You can verify this yourself on godbolt.org. Type the C version in one pane and the Rust version in another. With optimizations enabled, the assembly is often instruction-for-instruction identical.


When to Choose What

  Choose C when:                      Choose Rust when:
  +-------------------------------+   +-------------------------------+
  | Extending a C codebase        |   | Starting a new project        |
  | Targeting exotic hardware     |   | Correctness is critical       |
  | Maximum ABI compatibility     |   | Heavy concurrency             |
  | OS kernel work (tradition)    |   | Bugs are very expensive       |
  | Team deeply knows C           |   | Long-running services         |
  | Interfacing with C-only libs  |   | Want unified tooling (cargo)  |
  +-------------------------------+   +-------------------------------+

  Choose BOTH when:
  +-------------------------------+
  | Wrapping C libs in safe Rust  |
  | Adding Rust to a C project    |
  | Performance-critical + safe   |
  +-------------------------------+

What do you think happens?

If you write a function in C and the same function in Rust, and both compile to the same assembly — what is the "cost" of Rust's safety? Where does the safety checking actually happen?
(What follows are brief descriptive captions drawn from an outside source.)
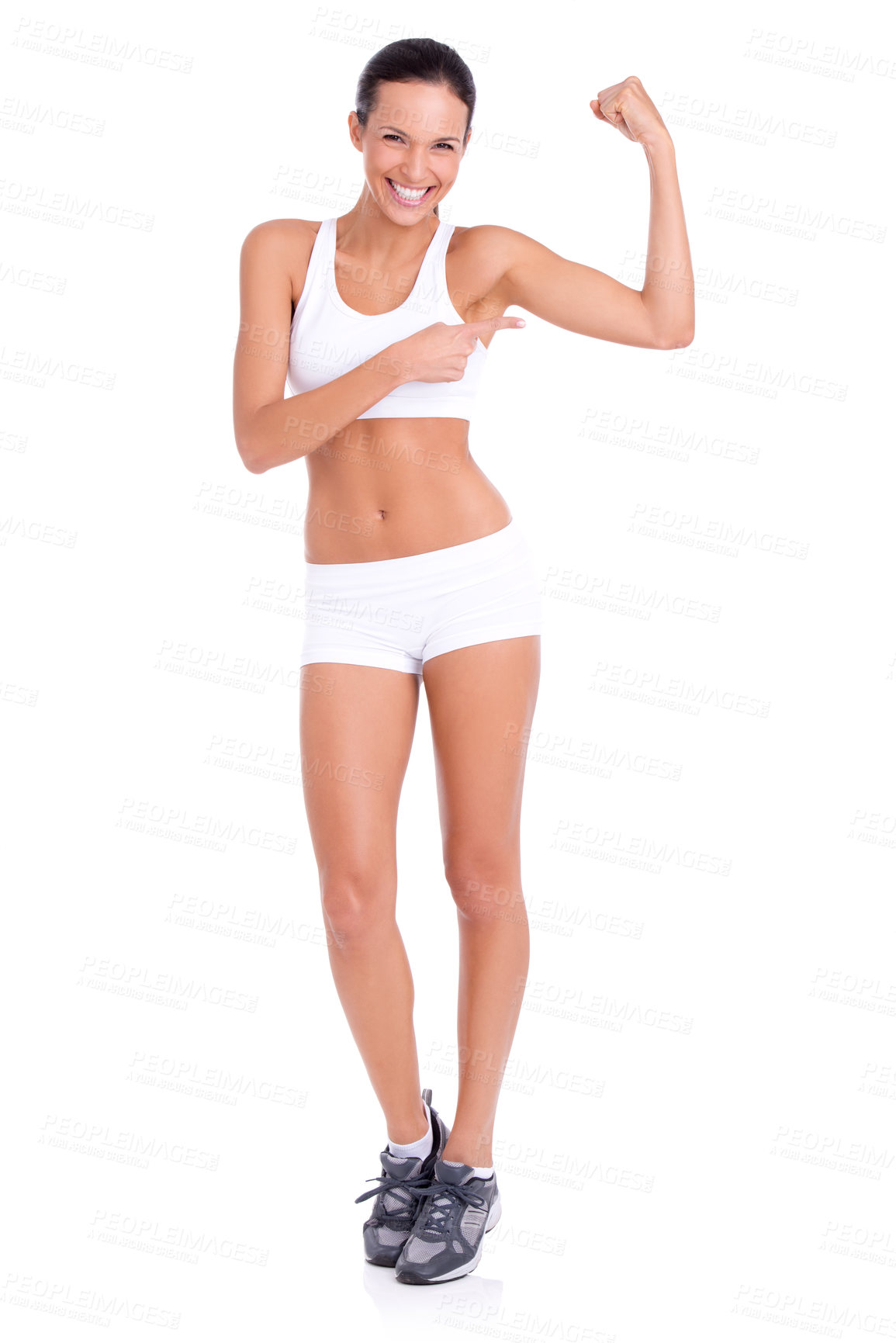 Buy stock photo Woman, smile and portrait, flex and sportswear for workout in studio, white background and backdrop. Girl, happiness and clothes for exercise and training as athlete, health and strong for body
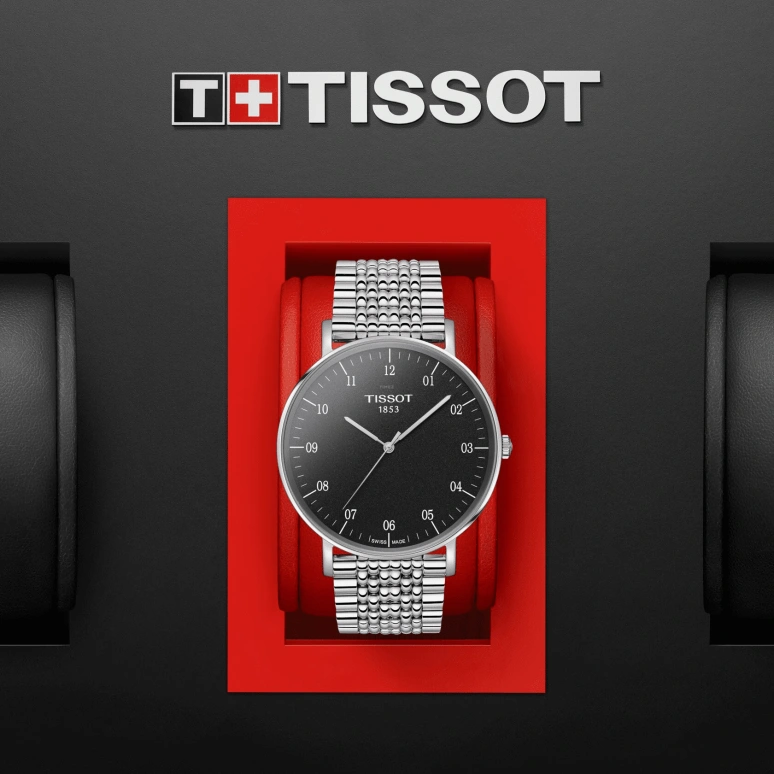 Tissot,Everytime 42mm,42mm,Stainless Steel,Black,Quartz,Sapphire,Crystal Glass,Round,T109,T109.610.11.077.00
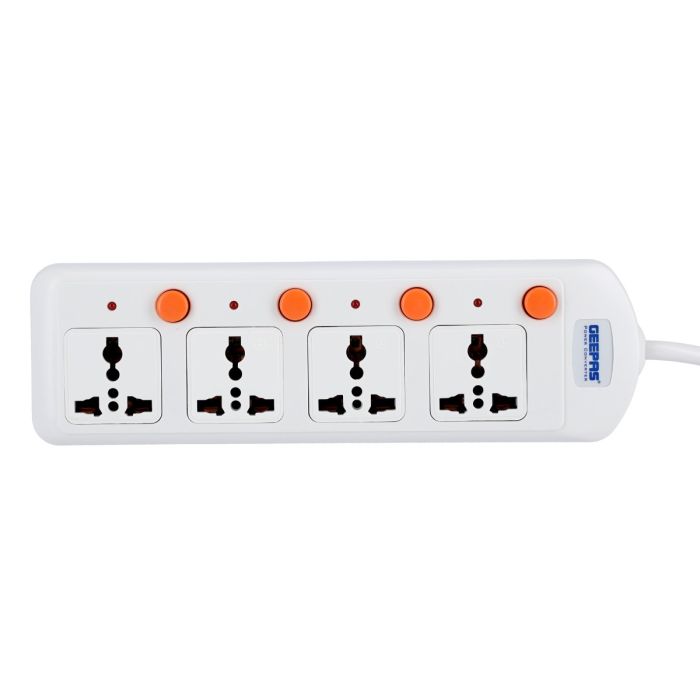 Geepas 4 Way Extension Board VDE Plug with Individually On/Off Switch GES4003-VDE- Power Extension Socket -Multi Plug Power Cable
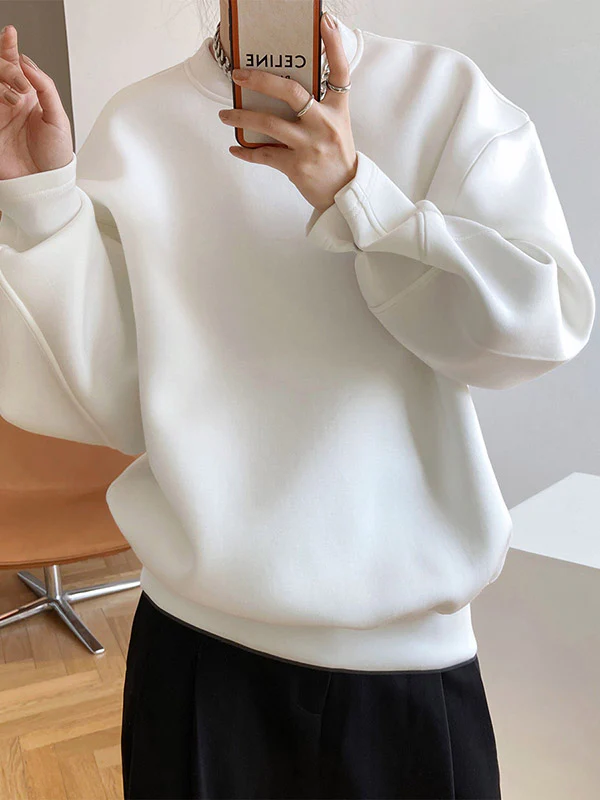 Long Sleeves Loose Solid Color Round-Neck Sweatshirt Tops - Image 4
The answer: the cost is entirely at compile time. Zero runtime cost. The safety checks are erased before the binary is produced. This is Rust's core promise.


Task

  1. Write a function int square(int x) in C and pub fn square(x: i32) -> i32 in Rust.
  2. Compile both with -O2 / --release and compare the assembly (use objdump -d or godbolt.org).
  3. Use extern "C" to call your C square from Rust. Print the result.
  4. Use #[no_mangle] pub extern "C" to call your Rust square from C. Print the result.
  5. Bonus: Write a C function with a deliberate buffer overflow. Wrap it in Rust with a safe API that checks bounds before calling the C function. This is the pattern real-world Rust/C interop uses.